Rigorous Security Breach Legislation in the State of Ohio

Ohio Rev. Code §§ 1349.19 – 192 is a data breach notification law that was passed in the U.S. state of Ohio in 2006 and went into effect the following year. Ohio Rev. Code §§ 1349.19 – 192 was passed for the purposes of regulating data breach incidents that occur within the state of Ohio, and lays out several requirements that agencies, businesses, and organizations that operate within the state are required to follow in the event that a security breach occurs. To this point, the law also empowers the Ohio Attorney General to levy fines and penalties against entities within Ohio that are found to be in violation of the law.

What is the scope and application of Ohio Rev. Code §§ 1349.19 – 192?

In terms of the scope and applicability of Ohio Rev. Code §§ 1349.19 – 192, the provisions established in the law apply to “any individual, corporation, business trust, estate, trust, partnership, or association (collectively, Entity) that conducts business in OH and owns or licenses computerized data that includes PI.” On the other end of the spectrum, “the provisions governing the maintenance of PI that the Entity does not own appear applicable to any Entity maintaining PI, whether or not the Entity conducts business in OH, and good faith acquisitions of personal information or the acquisition of personal information for judicial purposes, such as subpoenas, search warrants or other court orders are not considered data breaches.”

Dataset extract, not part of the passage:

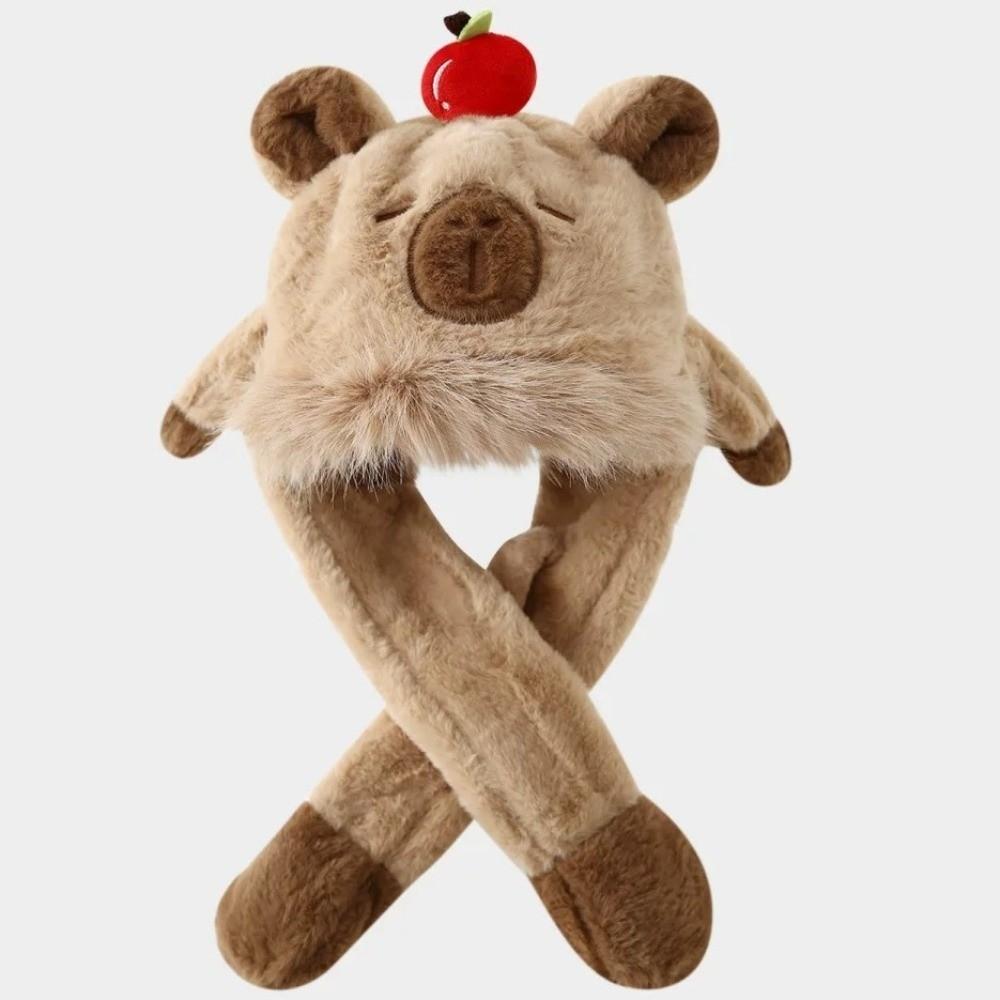 Movable Ears Capybara Hooded Scarf Windproof Plush Hat Scarf Set  Boys/girls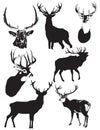 Set of black forest deer silhouettes vector illustration poster template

What are the data breach notification requirements under Ohio Rev. Code §§ 1349.19 – 192?

Under Ohio Rev. Code §§ 1349.19 – 192, an entity that experiences a data breach within the state is required to provide notice to all affected individuals and parties within 45 days of the discovery of such occurrence. Moreover, affected entities are also responsible for providing notification to the three major credit reporting agencies within the U.S. in the event that a security breach impacts more than 1,000 residents within the state of Ohio. Additionally, third parties that handle personal information on behalf of business entities and organizations within the state are also subject to the same provisions established in the law as it concerns data breach notification.

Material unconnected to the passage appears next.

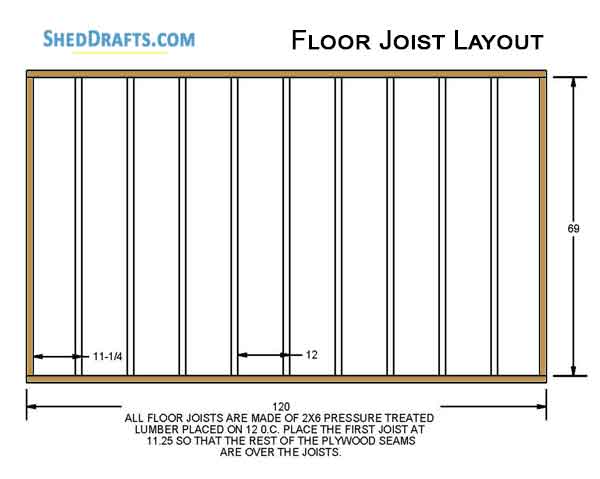 6x10 Saltbox Storage Shed Diy Plans Blueprints 07 Floor Joist Layout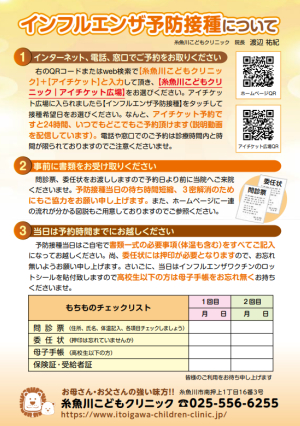 インフルエンザ予防接種について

What categories of personal information are protected under Ohio Rev. Code §§ 1349.19 – 192?

Under Ohio Rev. Code §§ 1349.19 – 192, the following data elements are protected should they be compromised following a data breach, in combination with an Ohio resident’s first name or first initial and last name, unless said data elements have been redacted, encrypted, or altered by any other technological method that renders the data unreadable:

• Social security numbers.
• Driver’s license numbers and state identification card numbers.
• Account numbers, credit card numbers, and debit card numbers, in addition to any required access codes, security codes, or passwords that could be used to permit access to an individual’s financial account.

Conversely, the law does not cover the personal information that is made legally available to the public through one of the following means:

• News, editorial, and advertising statements that are “published in any bona fide newspaper, journal, or magazine, or broadcast over radio or television, or any type of media similar in nature.”
• “Any gathering or furnishing of information or news by any bona fide reporter, correspondent, or news bureau to any bona fide newspaper, journal, magazine, radio or television news media, or any type of media similar in nature.”
• “Any publication designed for and distributed to members of any bona fide association or charitable or fraternal nonprofit corporation, or any type of media similar in nature.”

What are the penalties for violating Ohio Rev. Code §§ 1349.19 – 192?

The provisions of Ohio Rev. Code §§ 1349.19 – 192 are enforceable by the Ohio Attorney General. With this being said, the Ohio Attorney General has the authority to impose the following punishments and penalties against entities within the state that have been proven to have violated the law:

• A temporary restraining order.
• A preliminary or permanent injunction.
• A monetary fine of up to $1,000 per day for the first 60 days of non-compliance.
• An additional fine of up to $5,000 per day after 60 days of non-compliance.
• An additional fine of up to $10,000 per day after 90 days of non-compliance.

The provisions set forth in Ohio Rev. Code §§ 1349.19 – 192 enable the Ohio Attorney General to severely punish entities within the state that are found to have violated the rights of residents of the state as it relates to security breaches. In the context of other U.S. state-based data notification laws, the punishments under Ohio Rev. Code §§ 1349.19 – 192 are more comparable to those that are imposed under international comprehensive data privacy laws such as the General Data Protection Regulation or GPDR. Subsequently, residents within the state of Ohio are afforded a great level of protection as it concerns the unauthorized use and disclosure of personal information.